BEGIN Records for this task

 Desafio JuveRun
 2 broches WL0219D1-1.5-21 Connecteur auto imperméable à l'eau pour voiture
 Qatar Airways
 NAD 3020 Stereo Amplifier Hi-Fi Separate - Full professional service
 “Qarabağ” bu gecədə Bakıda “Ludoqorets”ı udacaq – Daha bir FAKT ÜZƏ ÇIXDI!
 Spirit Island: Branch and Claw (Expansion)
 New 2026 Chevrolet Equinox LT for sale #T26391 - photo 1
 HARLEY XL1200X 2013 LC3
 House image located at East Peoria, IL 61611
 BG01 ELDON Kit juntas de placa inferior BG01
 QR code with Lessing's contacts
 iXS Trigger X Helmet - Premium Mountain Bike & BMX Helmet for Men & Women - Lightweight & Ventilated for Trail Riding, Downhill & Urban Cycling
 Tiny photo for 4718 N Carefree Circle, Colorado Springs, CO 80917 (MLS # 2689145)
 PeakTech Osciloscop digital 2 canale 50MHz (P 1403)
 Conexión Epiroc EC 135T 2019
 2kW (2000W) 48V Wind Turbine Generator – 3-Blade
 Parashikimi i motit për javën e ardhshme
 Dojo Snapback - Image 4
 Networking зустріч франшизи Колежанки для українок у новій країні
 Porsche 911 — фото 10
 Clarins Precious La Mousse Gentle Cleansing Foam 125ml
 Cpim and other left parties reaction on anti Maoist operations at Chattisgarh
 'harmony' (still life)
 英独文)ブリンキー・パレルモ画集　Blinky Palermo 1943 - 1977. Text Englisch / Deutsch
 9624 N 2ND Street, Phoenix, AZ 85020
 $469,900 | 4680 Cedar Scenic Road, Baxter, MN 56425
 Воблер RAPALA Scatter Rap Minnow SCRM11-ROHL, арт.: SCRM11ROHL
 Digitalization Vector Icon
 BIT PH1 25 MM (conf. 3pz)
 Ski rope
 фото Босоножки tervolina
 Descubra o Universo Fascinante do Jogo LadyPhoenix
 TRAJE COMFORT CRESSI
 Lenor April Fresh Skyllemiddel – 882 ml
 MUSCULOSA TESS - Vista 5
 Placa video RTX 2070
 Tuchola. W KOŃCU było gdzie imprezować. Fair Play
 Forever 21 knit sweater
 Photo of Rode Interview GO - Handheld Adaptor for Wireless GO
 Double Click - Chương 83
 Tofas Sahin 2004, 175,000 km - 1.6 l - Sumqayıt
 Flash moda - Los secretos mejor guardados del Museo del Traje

END Records for this task

Prompt:
Begin with the first line of the records and reproduce each line as is, ending with the line that holds "Porsche 911 — фото 10".

Answer to this task:
 Desafio JuveRun
 2 broches WL0219D1-1.5-21 Connecteur auto imperméable à l'eau pour voiture
 Qatar Airways
 NAD 3020 Stereo Amplifier Hi-Fi Separate - Full professional service
 “Qarabağ” bu gecədə Bakıda “Ludoqorets”ı udacaq – Daha bir FAKT ÜZƏ ÇIXDI!
 Spirit Island: Branch and Claw (Expansion)
 New 2026 Chevrolet Equinox LT for sale #T26391 - photo 1
 HARLEY XL1200X 2013 LC3
 House image located at East Peoria, IL 61611
 BG01 ELDON Kit juntas de placa inferior BG01
 QR code with Lessing's contacts
 iXS Trigger X Helmet - Premium Mountain Bike & BMX Helmet for Men & Women - Lightweight & Ventilated for Trail Riding, Downhill & Urban Cycling
 Tiny photo for 4718 N Carefree Circle, Colorado Springs, CO 80917 (MLS # 2689145)
 PeakTech Osciloscop digital 2 canale 50MHz (P 1403)
 Conexión Epiroc EC 135T 2019
 2kW (2000W) 48V Wind Turbine Generator – 3-Blade
 Parashikimi i motit për javën e ardhshme
 Dojo Snapback - Image 4
 Networking зустріч франшизи Колежанки для українок у новій країні
 Porsche 911 — фото 10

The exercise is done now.